Eugene Fodor possessed an insatiable curiosity about the world and its people. From his first job sailing along with cruise ships across the Mediterranean and Atlantic, Fodor was constantly motivated to experience new cultures, communities and sights.

He brought this passion to the page, and in turn inspired a whole generation to explore new destinations. Fodor’s belief was that the beauty of travel was not only seeing the great monuments of the past but experiencing a place as it was in the present—and this included interacting with the people that lived there. As he writes in the forward of his first guidebook On the Continent, “Rome contains not only magnificent monuments . . . but also Italians.”

Subsequently, Fodor was the first publisher to include cultural information in his guides. He forever changed the guidebook market and the way people viewed the world around them.

How has the travel publishing world changed since Fodor released his first guide in 1936?
In 1936 it was typically only the very wealthy that could afford to travel. Oversea vacations required lengthy transportation on ships and a lack of rental cars and poor road conditions generally limited the degree to which individuals could explore a foreign destination on their own. Most saw Europe over a period of weeks in the company of a large group as part of “The Grand Tour.” Publishing reflected these practices—often covering all of Europe in a single title with more focus on famous monuments to visit than off-the-beaten-path sights and were only updated every 10-15 years.

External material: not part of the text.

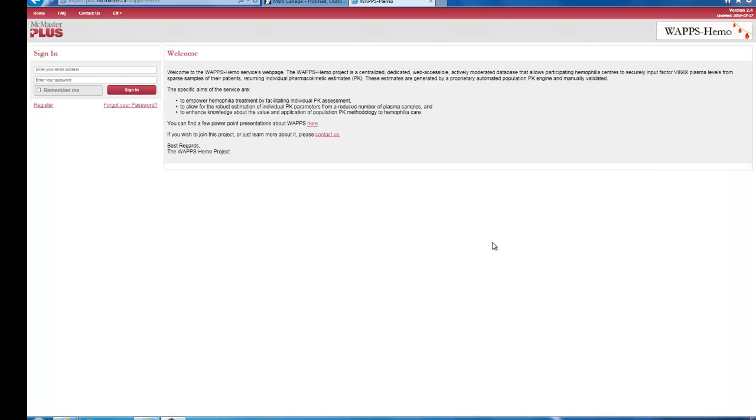The system has been translated into Spanish, French, and Portuguese. Arabic, Farsi, German, and Italian translations are in the works. This video will demonstrate the site in English.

Advances in technology and transportation have, of course, radically changed the needs of travelers today. Fodor’s guidebooks focus on the individual experience so that our readers can craft the perfect trip for them. Guidebooks have also changed in two other essential ways. They include logistical information about hotels, restaurants, and transportation and, because this information is rapidly changing, almost all Fodor’s guidebooks are updated annually (note that Eugene Fodor was the first to implement both of these changes in the guidebook market).

What sets Fodor's apart from other travel guides?
At Fodor’s we believe in offering readers an authentic and reliable experience. We’ve maintained many of Eugene Fodor’s original visions, including publishing guides that focus on the culture and people of a destination, are as accurate as possible with annual updates, and remain on the front edge of travel innovation.

In the past 75 years, we’ve also grown tremendously as a brand. We are the number one imprint in the market for our full-color fully-comprehensive guidebooks. Fodors.com offers travel inspiration and guidance for millions of unique visitors each month and our online forums provide a virtual home for posting and answer questions and sharing travel stories for thousands of loyal fodorites.

What's your best-selling destination of all time?
Over the course of time Italy has remained a prime travel destination. We currently offer several titles to the country and its cities and regions, but the combination of all would make it a frontrunner.

Is there an area of the world you think more people should see?
Americans should spend more time  anywhere outside of the United States. Of course, there are fabulous destinations here. But traveling really does broaden horizons— \too few of us see the need go beyond our borders.  

As Eugene Fodor said, “What’s important is that we all learn as we travel. We wake up to the fact that everyone has his rights and way of life. In the war we used to say you can’t shoot an enemy soldier who shows you a picture of his family; it’s hard to hate people whose country you’ve visited.”

As a travel publisher, what is your dream vacation?
My dream vacation combines a grand site with a connection to local culture—especially someplace I haven't gone before. And great scenery helps too. Last year, I went to Machu Picchu and traveled across the Alto Plano to Lake Titicaca. You can't help but be moved by the Incan civilization, and Peru is such a fascinating country.

Where do you see travel guides going in the future?
As technology changes, so will readers’ access to travel information. Today our content is disseminated through traditional books, e-books, websites, smartphone apps, downloadable PDFs, Twitter, Facebook . . . the list goes on and on. Mobile access, GPS capabilities, new platforms—these are all game-changers in the industry. We know, however, that the proliferation of travel information leads to a greater need for a trusted source, and so the Fodor’s brand will continue to play a critical role in offering venerable recommendations. We will continue on with both Eugene Fodor’s passion for travel and his willingness to continually innovate the travel publishing industry.